Brief descriptive captions:
● ● ● ●
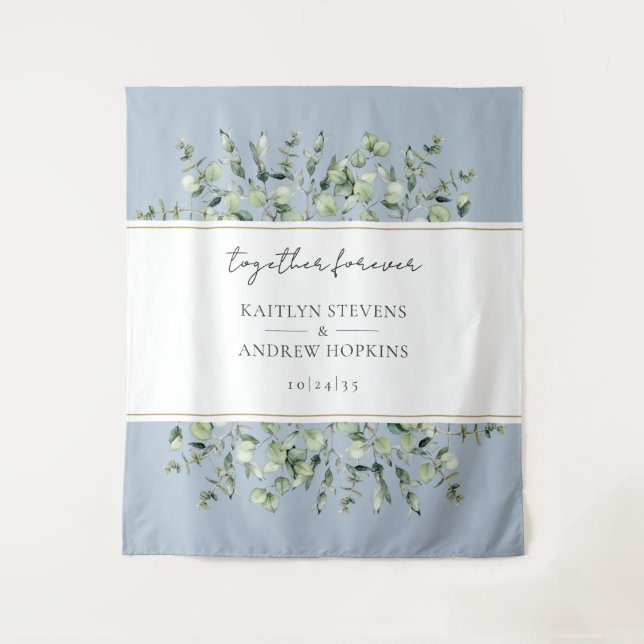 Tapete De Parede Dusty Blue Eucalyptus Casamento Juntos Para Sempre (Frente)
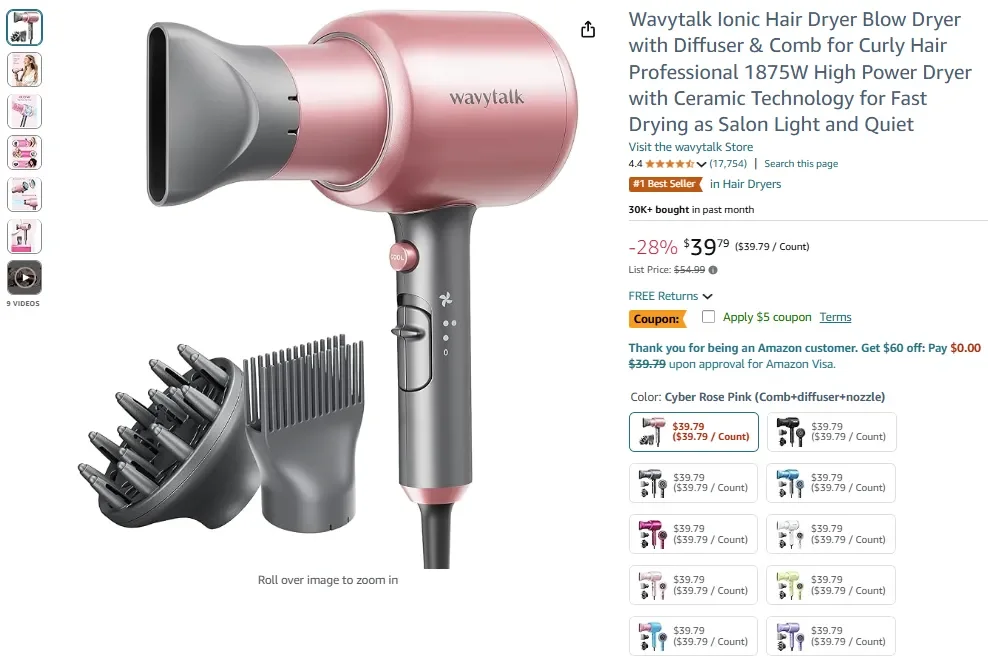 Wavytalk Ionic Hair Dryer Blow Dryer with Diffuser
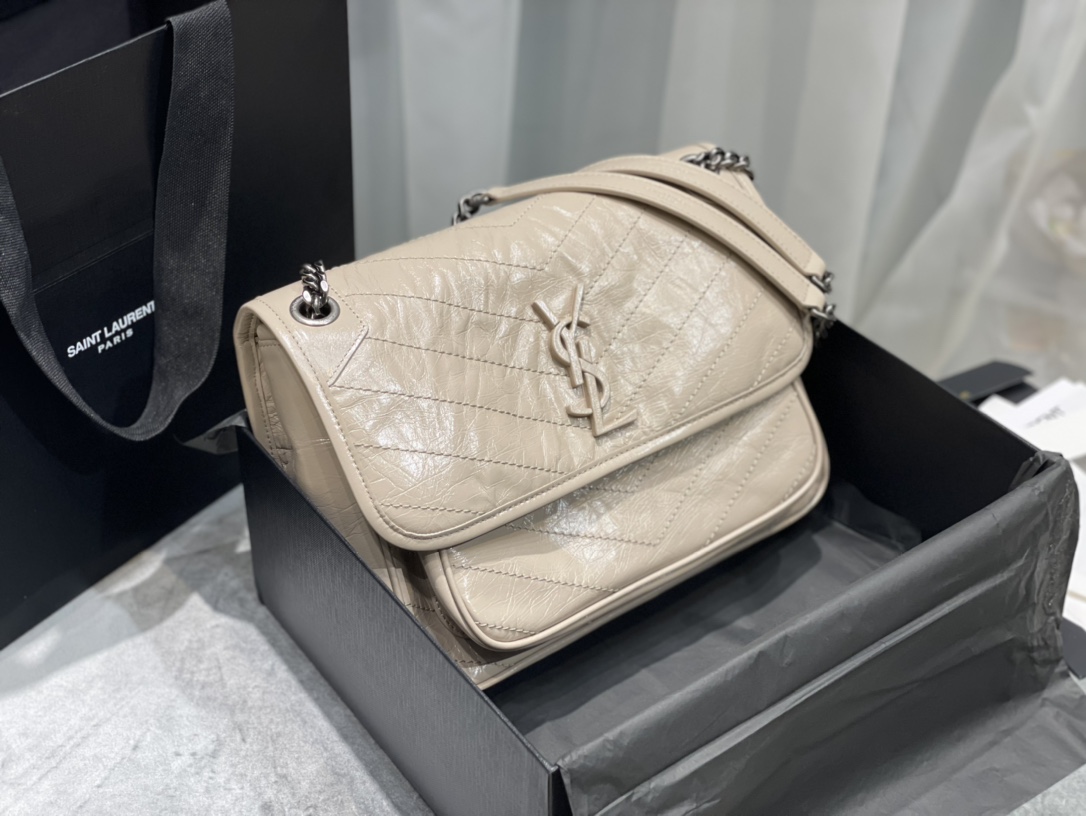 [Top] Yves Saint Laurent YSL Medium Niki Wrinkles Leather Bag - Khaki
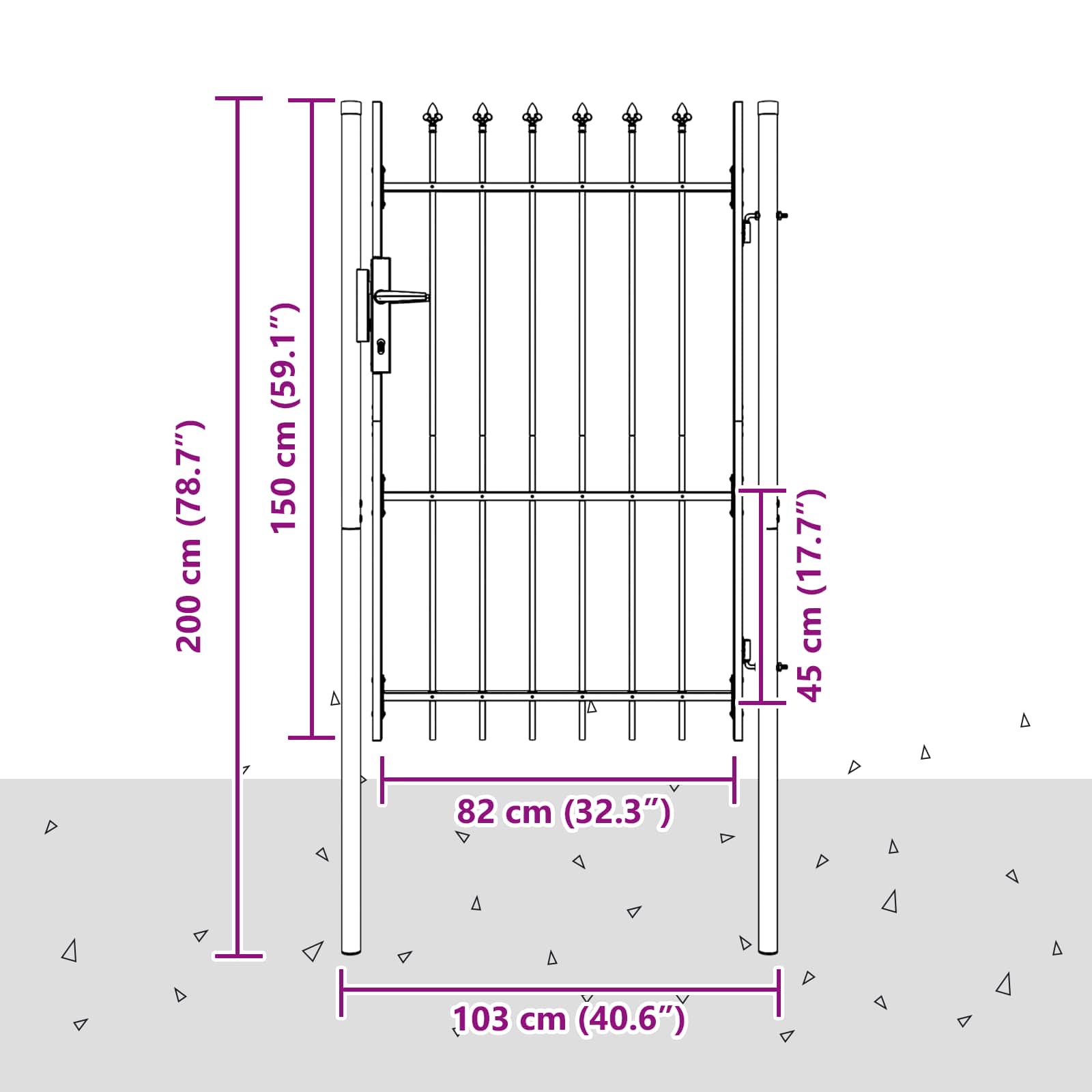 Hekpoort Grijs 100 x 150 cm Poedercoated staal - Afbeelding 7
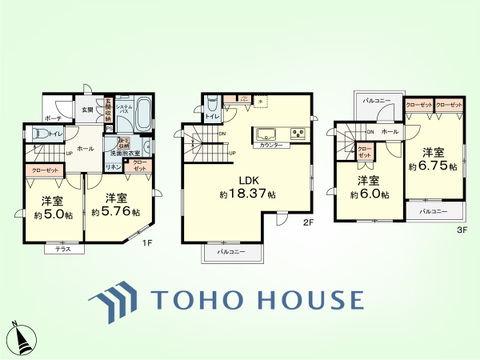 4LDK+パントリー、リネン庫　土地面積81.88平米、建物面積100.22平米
● ● ● ●
Task to complete: Because pictures are not wanted, give every entry above again exactly without them.

Task result:
 Tapete De Parede Dusty Blue Eucalyptus Casamento Juntos Para Sempre (Frente)
 Wavytalk Ionic Hair Dryer Blow Dryer with Diffuser
 [Top] Yves Saint Laurent YSL Medium Niki Wrinkles Leather Bag - Khaki
 Hekpoort Grijs 100 x 150 cm Poedercoated staal - Afbeelding 7
 4LDK+パントリー、リネン庫　土地面積81.88平米、建物面積100.22平米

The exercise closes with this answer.